Eine Wohnung kann blenden

Um auf solche Hinweise zu stoßen, muss man schon genau hinschauen. Denn eine Wohnung kann blenden: Manchmal ist sie nur darauf ausgerichtet, eine bestimmte Wirkung zu erzielen – etwa besonders cool, protzig oder exklusiv zu erscheinen. "Das ist meistens Kompensation", sagt Linke: Der Bewohner versucht damit zum Beispiel, seine große Verletzlichkeit zu verbergen. Sensible Gäste spüren aber schnell, dass die Gestaltung "nicht echt" ist.  

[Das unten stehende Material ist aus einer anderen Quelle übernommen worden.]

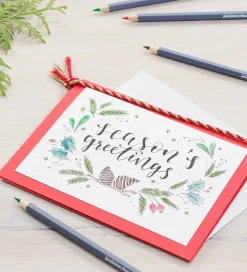 Faber-Castell Tuscher Og Farver|Maling>Farveblyanter - Goldfaber Akvarel - 12 stk - Multi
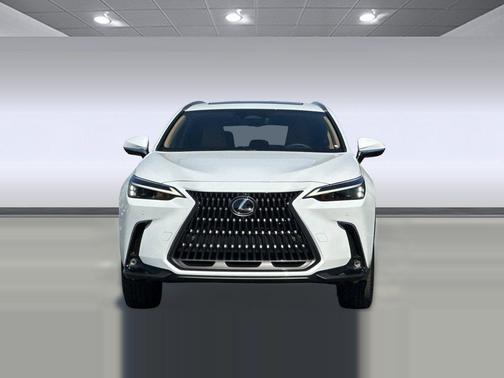 Ultra White 2026 Lexus NX 450h+ Luxury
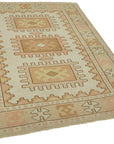 5 x 5 Beige Anatolian Rug - 7193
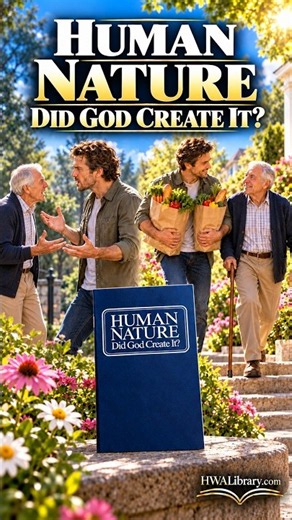 Human Nature—Did God Create It? | Herbert W Armstrong #Shorts
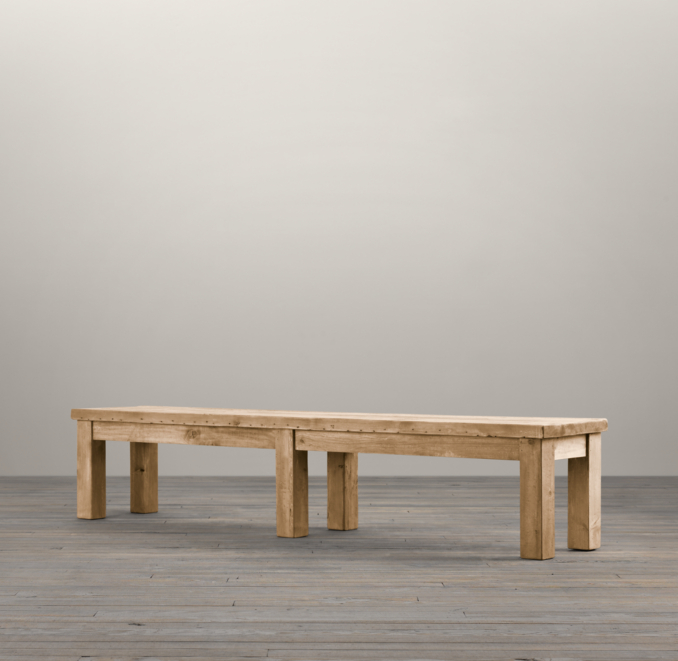 Salvage Bench Large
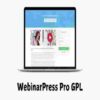 WebinarPress Pro GPL All in one Webinar Plugin for WordPress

Bei seinen Analysen greift Linke auf einen reichen Erfahrungsschatz zurück. Der Sohn einer Architektenfamilie ist ausgebildeter Modedesigner und hatte 25 Jahre lang ein Einrichtungshaus in Passau. Da er sich schon immer stark für Menschen interessiert hat, ließ er sich vor rund 15 Jahren zum Lebensberater und Persönlichkeitscoach weiterbilden. So kam es zur Verknüpfung von Innenarchitektur und Psychologie. Heute berät er Geschäfts- und Privatkunden bei der Gestaltung von Räumen aller Art.

Doch auch ohne geschulten Blick kann ein Single an der Nest-Gestaltung seiner Neueroberung viel erkennen. "Man kann sich da auf die Intuition verlassen", sagt Linke. Sie allein reicht im Grunde schon, um beurteilen zu können, ob die Einrichtung zu einer Person passt – ein positives Zeichen. Oder ob sie Unbehagen auslöst.

"Aufschlussreich ist vor allem das Schlafzimmer", berichtet der Wohnpsychologe. Bei der Gestaltung dieses Raums geht es schließlich um ganz verschiedene Bedürfnisse: um Sinnlichkeit und Sex, aber auch um Ruhe und Rückzug. "An der Gestaltung zeigt sich, wie cool oder wie emotional ein Mensch an diese Themen herangeht", sagt Linke. "Aufgrund der Farben und der Ausstrahlung des Raums kann man sich fragen: Wie leidenschaftlich kann es hier wohl werden?"

Wer zum Beispiel auf sämtliche Vorhänge, Bilder und Accessoires verzichtet, neigt dazu, die Dinge zu versachlichen. Zarte Vorhänge im Schlafzimmer offenbaren dagegen Weichheit. Und wenn der Bewohner ein Faible für Orangerot und Schwarz an den Tag legt, kann man vermuten, dass Erotik für ihn ein wichtiges Thema ist. "Besonders wichtig ist aber, nicht von einem Merkmal auf eine Eigenschaft zu schließen, sondern offen für ein Gesamtbild zu bleiben", betont der Experte.